X ~ Normal( μx = 7.2 , σx = 5.3 )

Find P( X > 15.8 )

P( ( X - μ ) / σ > ( 15.8 - 7.2 ) / 5.3 )

= P( Z > 1.622642 )

= P( Z < -1.622642 )

= 0.05233303

== === === == === == == ==

8)

In this question we have

Xbar ~ Normal( μ = 7.2 , σ² = 28.09 / 55 )

Xbar ~ Normal( μ = 7.2 , σ² = 0.5107273 )

Xbar ~ Normal( μ = 7.2 , σ = 5.3 / sqrt( 55 ) )

Xbar ~ Normal( μ = 7.2 , σ = 0.7146519 )

Find P( Xbar > 14.2 )

P( ( Xbar - μ ) / σ > ( 14.2 - 7.2 ) / 0.7146519 )

= P( Z > 9.79498 )

= P( Z < -9.79498 )

= 5.916092e-23

== == == == ==

9)

Find P( Xbar < 6 )

P( ( Xbar - μ ) / σ < ( 6 - 7.2 ) / 0.7146519 )

= P( Z < -1.679139 )

= 0.04656245

== === === === == == === ==

10)

which 55 samples the central limit theorem will allow the mean to more than likely behave as a normal random variable regardless of the underlying distribution.

Let X1, X2, ... , Xn be a simple random sample from a population with mean μ and variance σ².

Let Xbar be the sample mean = 1/n * ∑Xi

Let Sn be the sum of sample observations: Sn = ∑Xi

then, if n is sufficiently large:

Xbar has the normal distribution with mean μ and variance σ² / n

Xbar ~ Normal(μ , σ² / n)

Sn has the normal distribution with mean nμ and variance nσ²

Sn ~ Normal(nμ , nσ²)

The great thing is that it does not matter what the under lying distribution is, the central limit theorem holds.

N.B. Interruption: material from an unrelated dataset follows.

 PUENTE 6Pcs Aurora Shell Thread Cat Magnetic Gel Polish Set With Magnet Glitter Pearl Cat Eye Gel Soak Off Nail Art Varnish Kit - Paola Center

It was proven by Markov using continuing fractions.

if the sample comes from a uniform distribution the sufficient sample size is as small as 12

if the sample comes from an exponential distribution the sufficient sample size could be several hundred to several thousand.

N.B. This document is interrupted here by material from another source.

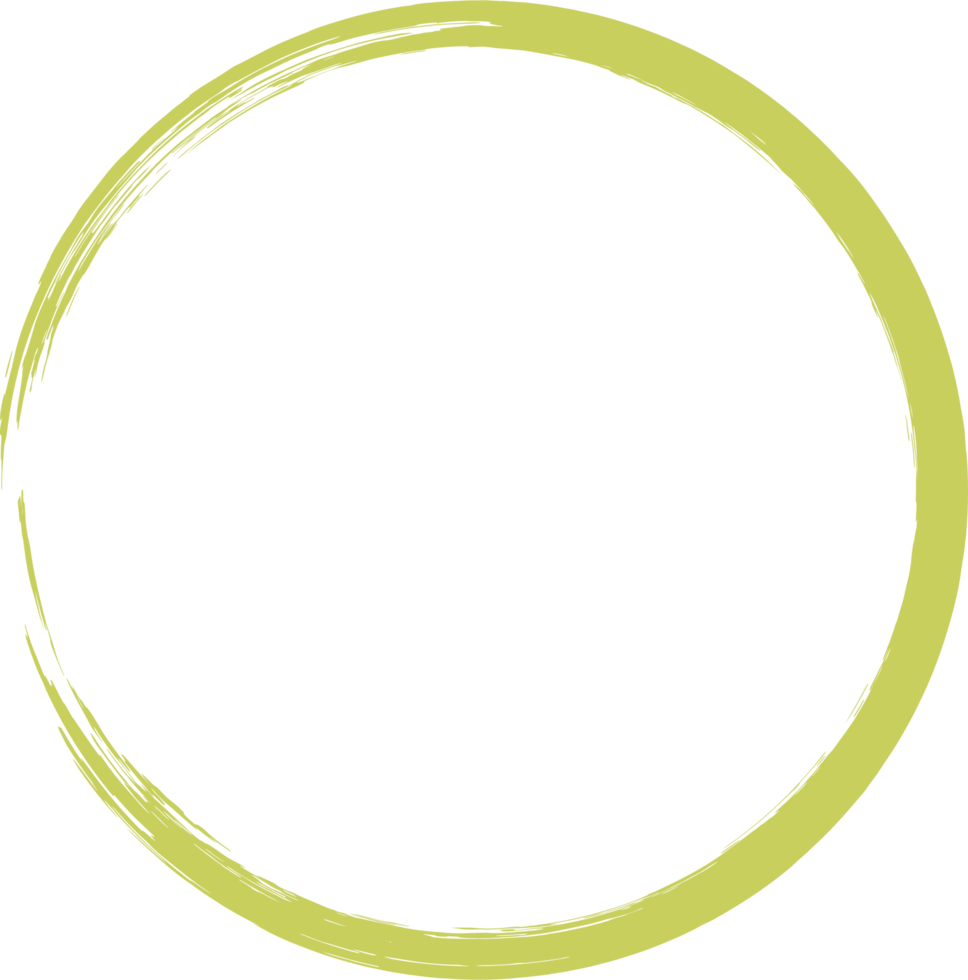 Colored grunge circle brush. Ink frame png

if the data comes from a normal distribution to start with then any sample size is sufficient.

for n < 30, if the sample is from a normal distribution we use the Student t statistic to estimate the distribution. We do this because the Student t takes into account the uncertainty in the estimate for the standard deviation.

if we now the population standard deviation then we can use the z statistic from the beginning.

the value of 30 was empirically defined because at around that sample size, the quantiles of the student t are very close the quantiles of the standard normal.